A new month and a new moon - the Moon of the Long Night. My adoptive home of Frome traditionally greets the solstice season with street festivities and a mass countdown to the ceremonial illumination-switching-on moment. The Extravaganza, as this was magnificently titled, centred around the big tree beside the market cross, with shops staying open late and plying mincepies mulled wine and chocolates as well as their trades. We had carols, bellringers, bands... ah, the good times rolled. Last year, presumably responding to a directive from Brussells, the tree was surrounded by an iron fence Michael Eavis might envied, and local youths naturally rallied to the challenge. So this year there is no tree in the market place. Instead we had a Sunday market in the Cheese & Grain and sporadic santa-related activity in the precinct with sound effects from a radio van and a merry-go-round. Not quite what Strictly judge Len would call a smorgsbord of gorgeousness, but with quaint charm, especially the Christmas fairies dispensing snow from Siberia.

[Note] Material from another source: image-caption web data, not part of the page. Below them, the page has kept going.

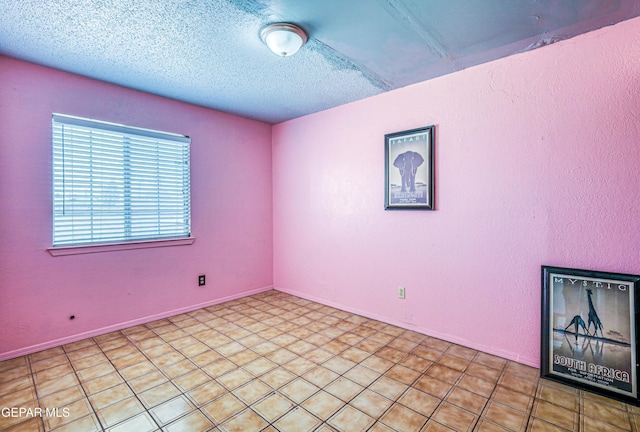 8520 Paddlefoot Ln, El Paso, TX 79907 - empty room featuring a textured ceiling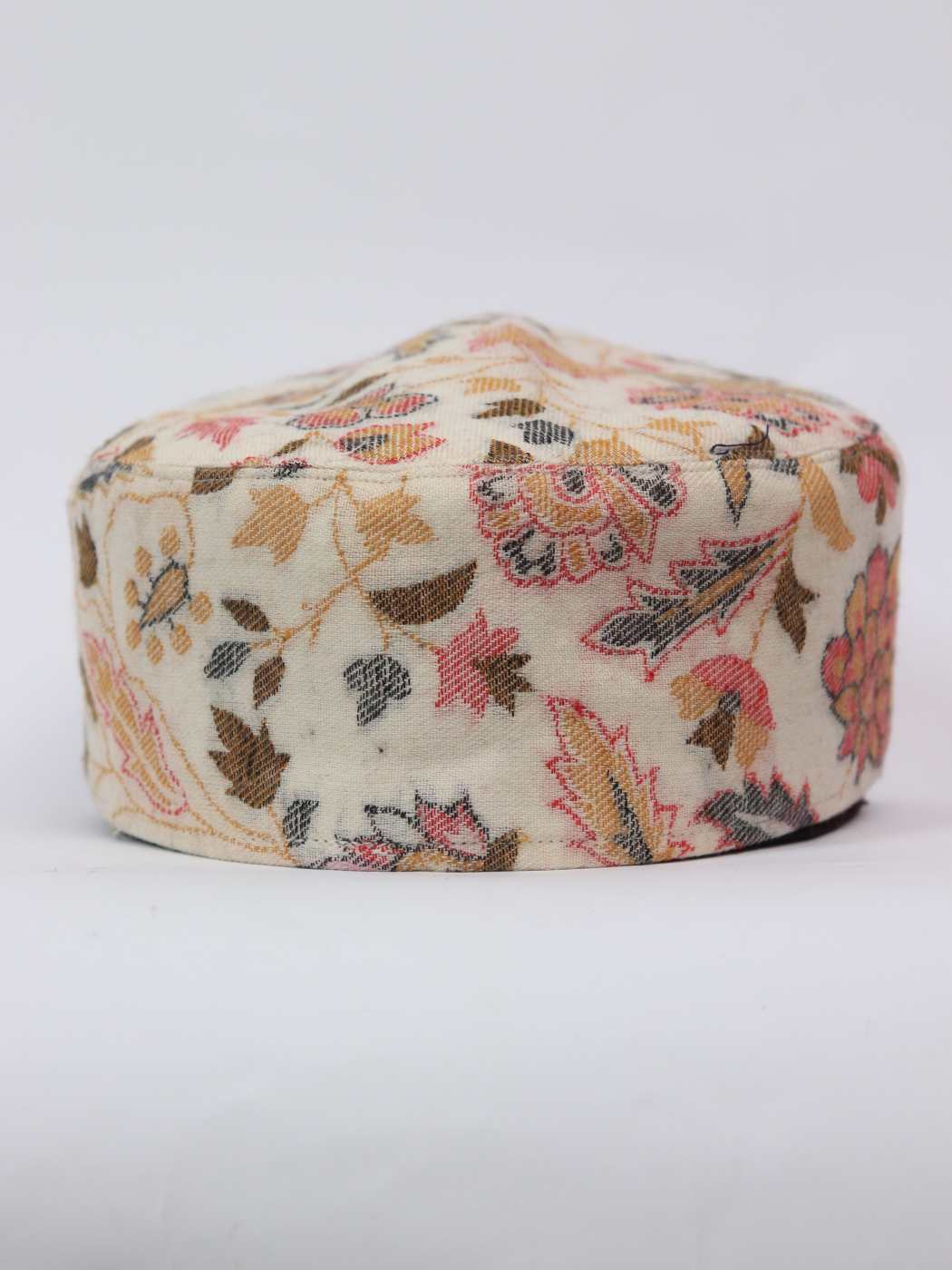 cream cap in floral woven pattern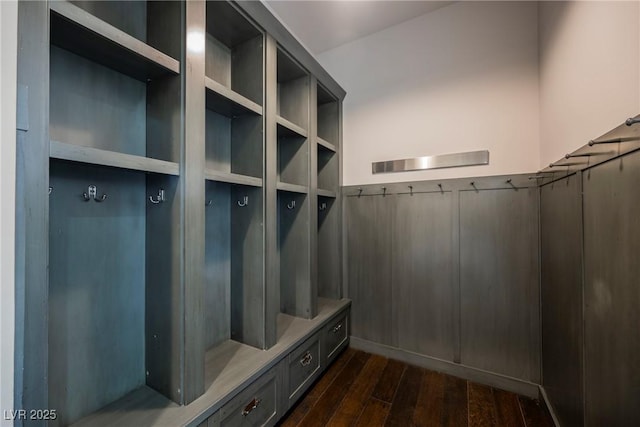 mudroom with dark wood finished floors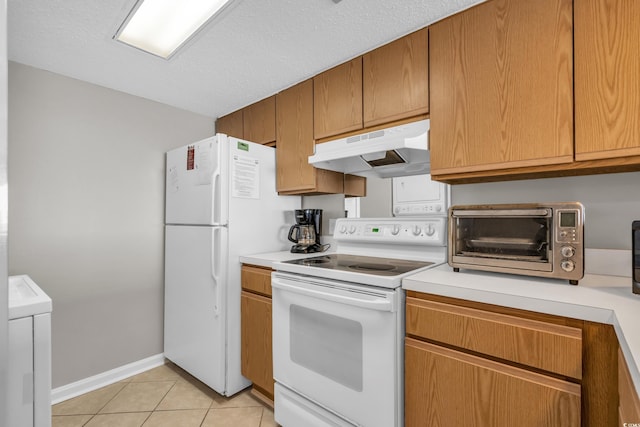 5806 N Ocean Blvd Unit 203, North Myrtle Beach, SC 29582 - kitchen with white appliances, under cabinet range hood, light countertops, light tile patterned floors, and baseboards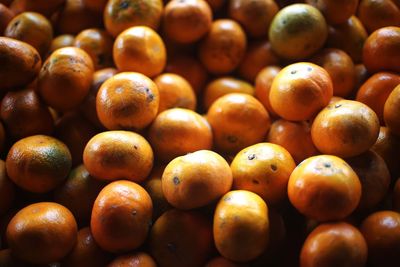 Full frame shot of oranges at market stall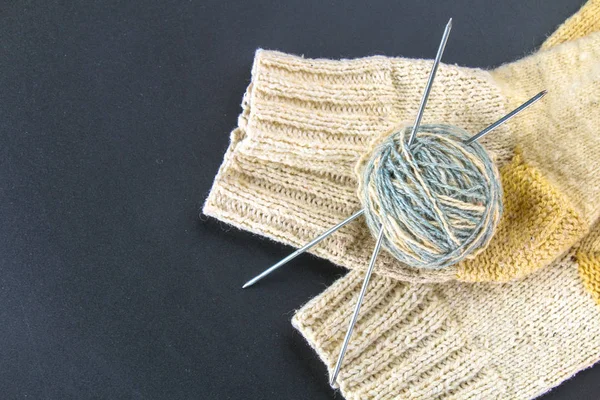 Una palla di lana con ferri da maglia e calzini su un tavolo grigio. Lavori ad ago . — Foto Stock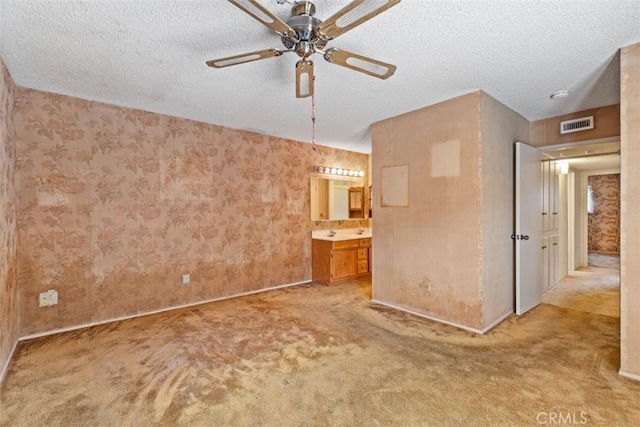 unfurnished bedroom with visible vents, a textured ceiling, connected bathroom, light colored carpet, and ceiling fan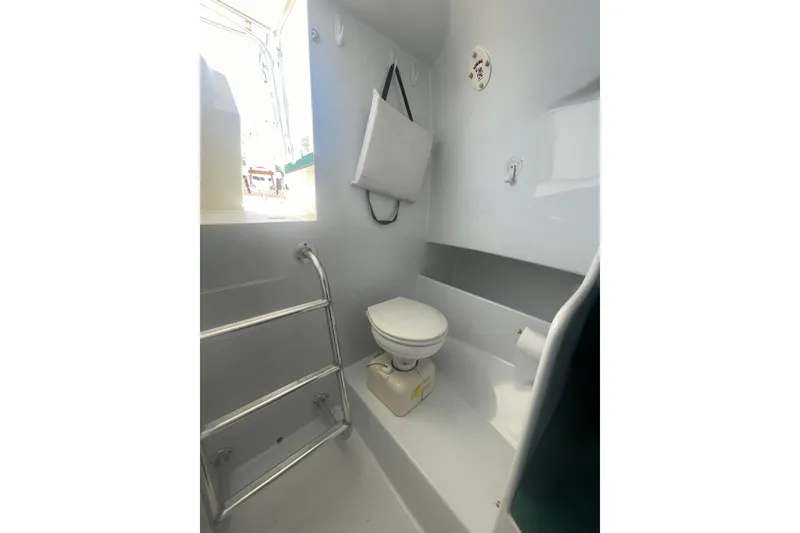 Slide: The Image of 2009 L&H 33 Walkaround boat bathroom with toilet and stainless steel handrail. - 17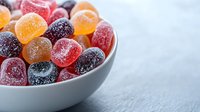 Colorful sugar coated gummy candies in white ceramic bowl on gray background. Sweet fruit jellies with crystallized sugar coating for confectionery design.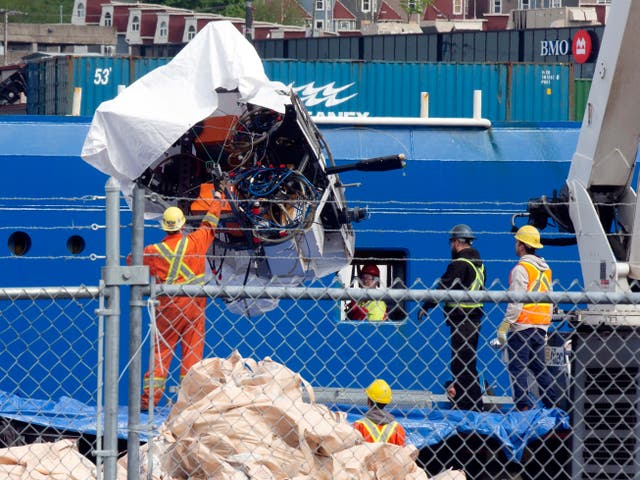 <p>Debris from the Titan submersible, recovered from the ocean floor near the wreck of the Titanic, is unloaded from the ship Horizon Arctic at the Canadian Coast Guard pier in St. John's, Newfoundland, Wednesday, June 28, 2023</p>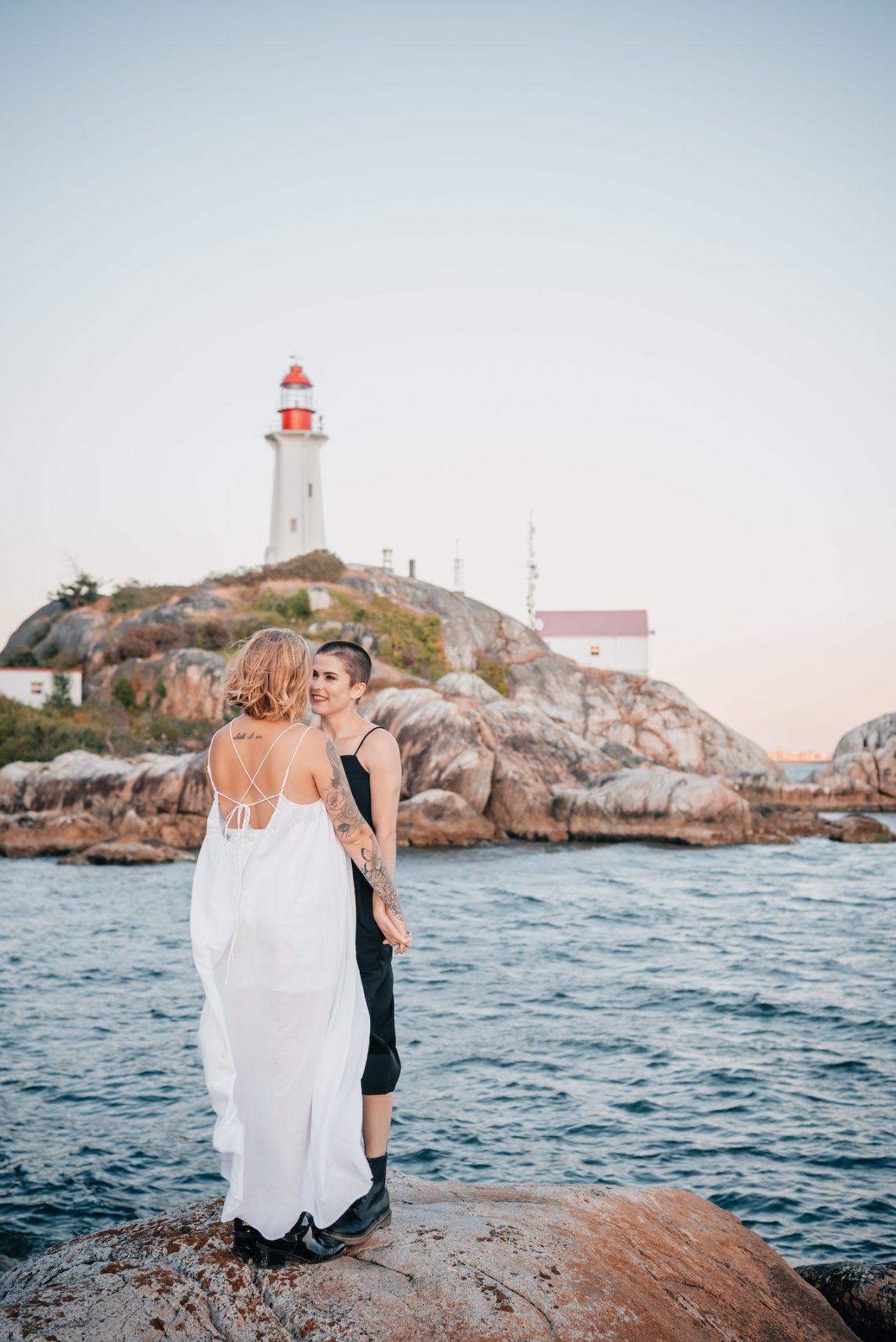 elopement couple on wedding day near lighthouse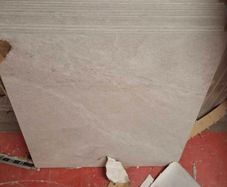 Durstone.  5.76m2 60x60 tiles light grey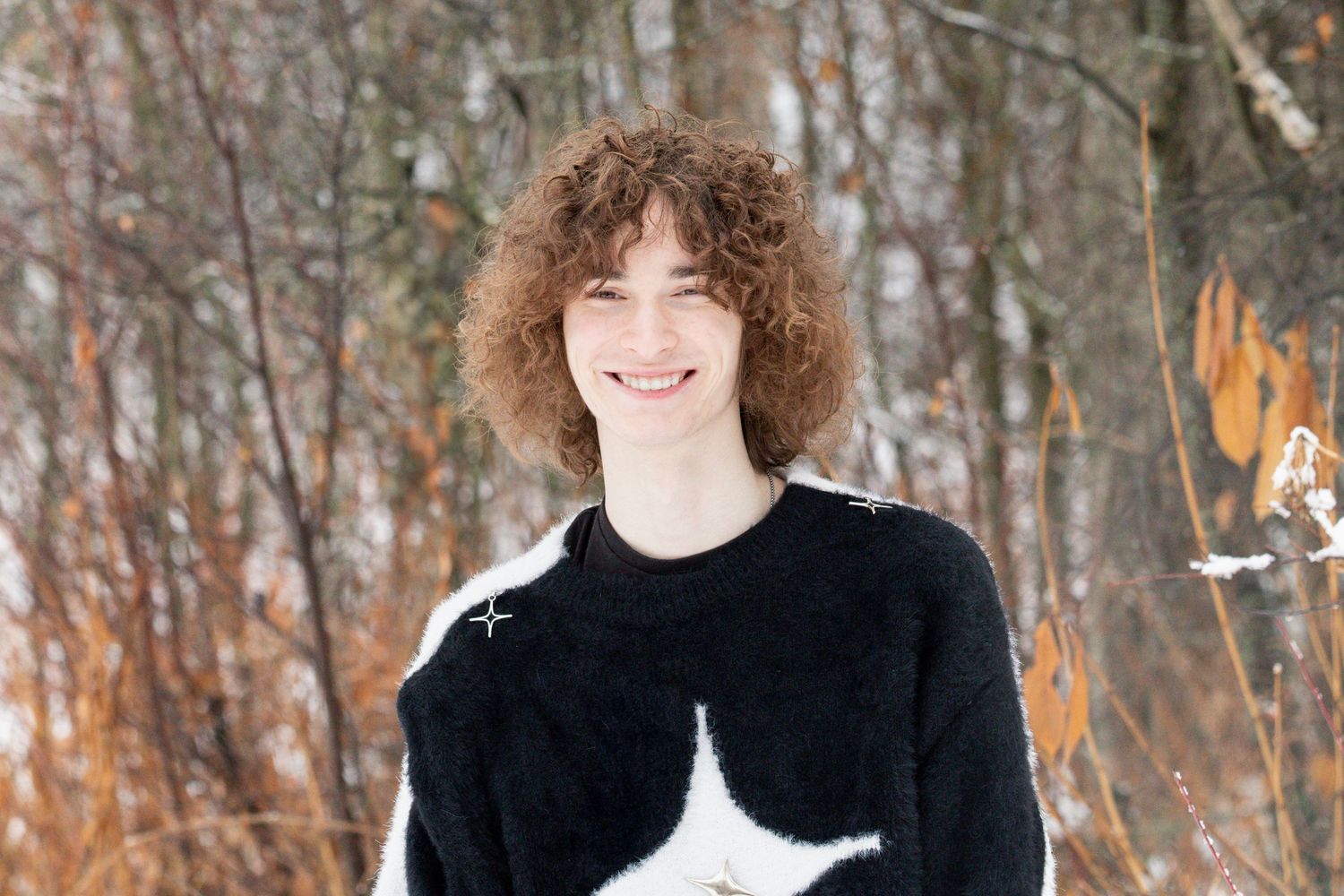 Smiling person with curly hair wearing a black and white sweater stands in front of snowy winter trees.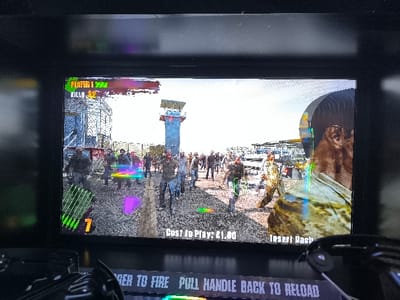 The image displays an arcade game screen, showing a first-person shooter with a zombie theme. The game scene depicts numerous grotesque zombie figures advancing towards the player across an open, desolate landscape featuring industrial-style structures, possibly watchtowers and fences, under a bright, clear sky.

On the game screen, user interface elements are visible: "PLAYER 1" with a health bar, "KILLS: 32", and a visible ammo count of '7'. Colorful visual effects, such as glowing outlines and streaks, are seen around some of the zombies, suggesting gameplay interactions. The bottom of the screen indicates "Cost to Play: £1.00" and "Insert Cash", signifying the game is ready for payment.

Below the screen, a portion of the arcade machine's control panel is visible, including part of what appears to be a light gun or rifle controller. Text on the control panel provides instructions: "TRIGGER TO FIRE PULL HANDLE BACK TO RELOAD". The activity taking place is someone engaging with, or preparing to play, this arcade game.

The media file captures a moment of arcade gaming in Agios Dimitrios, Greece. The time of day in the game appears to be bright daytime.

"Christmas decorations are a kind of defiance" Rose Flint suggested in her poetry workshop at the library, "Awareness of the night sky is deep in the human psyche. We're bringing the stars inside, and helping the light to return." We wrote about snow, and glitter, and stars, shaping constellations like gods. Winter glitz for wintry glums.

The Poetry Cafe was crowded for "Difficult Journeys" and we had to clear the window sills when we ran out of room for chairs. The theme's tenuous connection with The Wizard of Oz, the pantomime at the Merlin, was largely ignored by guest poets Rose Flint and Malinda Kennedy and 19 open-mic contributors who opted for more personal interpretations.
It always inspires a sense of privilege when writers share intimate feelings, and there were some glittering gems.
Dianne Penny's beautifully-performed poem was a favourite for me: I never knew I had the right to speak... listen, listen, listen... Paula as theatre director picked out many for special praise and donated prizes, with Linda Perry and Rosie Jackson agreed as worthy winners of the theatre tickets.